WHAT IS NEEDED:
Each line from the one with "Small #3 French Bulldog" through the last line of the material is to be printed exactly; no other line and no picture belongs in the copy.

SUPPLIED INFORMATION:
——

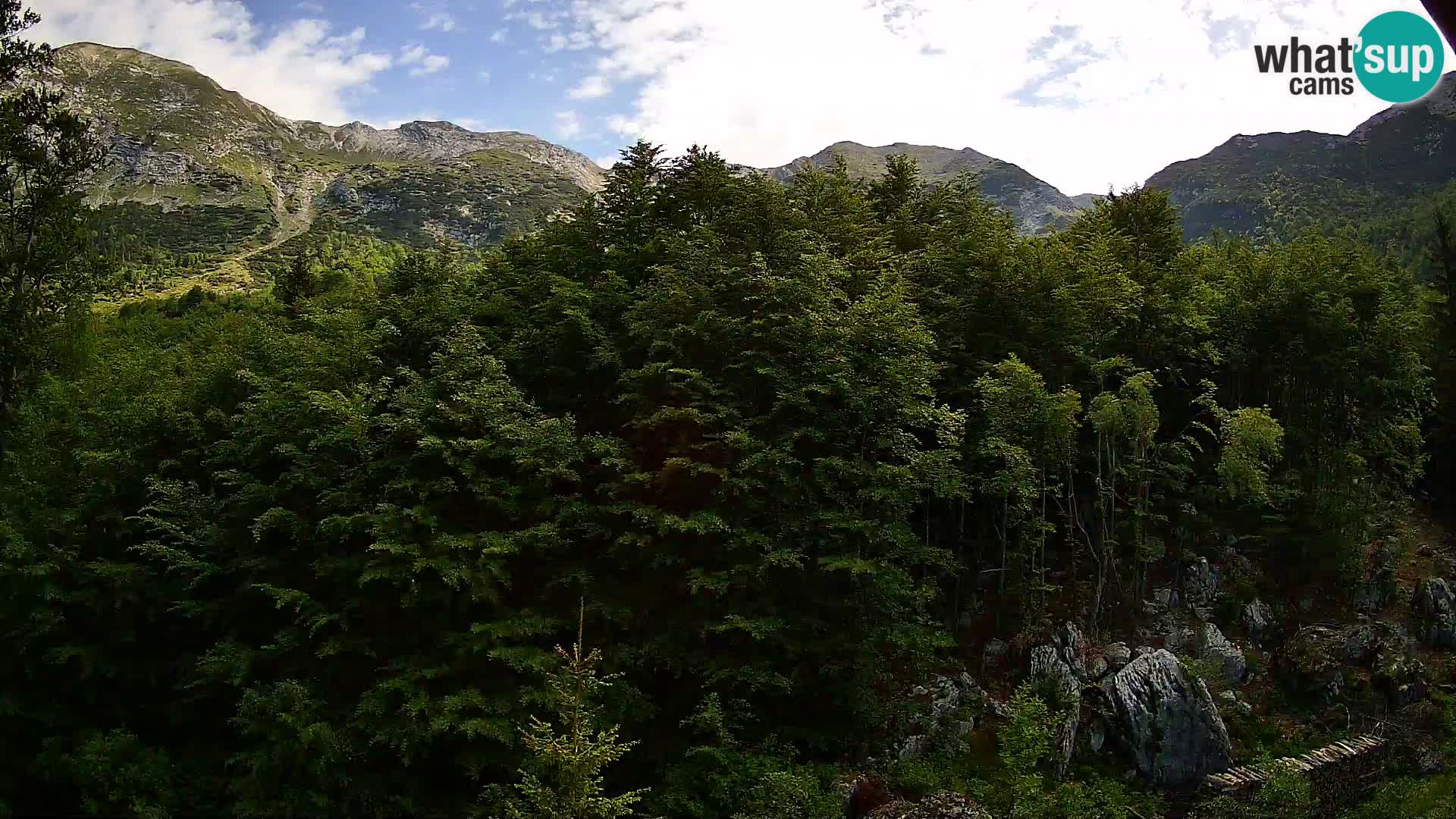 PLANINA RAZOR web kamera (1315) | pogled na Vogel i Globoko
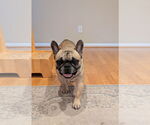 Small #3 French Bulldog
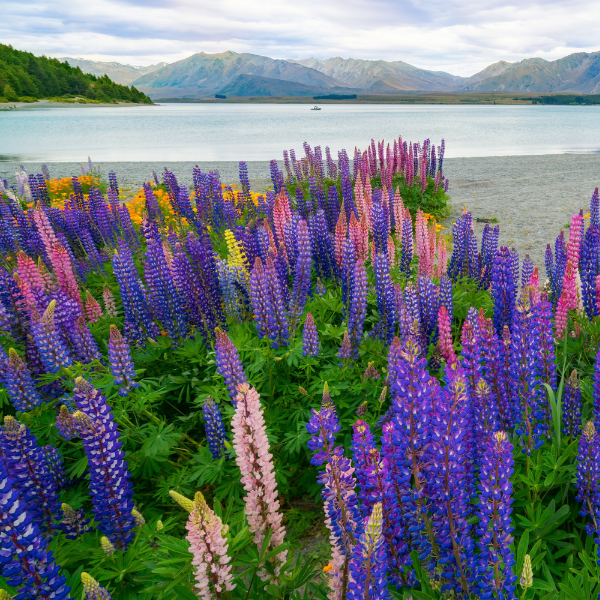 floracion-lupino-altramuces-islandia-mejores-destinos-ver-flores-primavera-europa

——

TASK ANSWER:
 Small #3 French Bulldog
 floracion-lupino-altramuces-islandia-mejores-destinos-ver-flores-primavera-europa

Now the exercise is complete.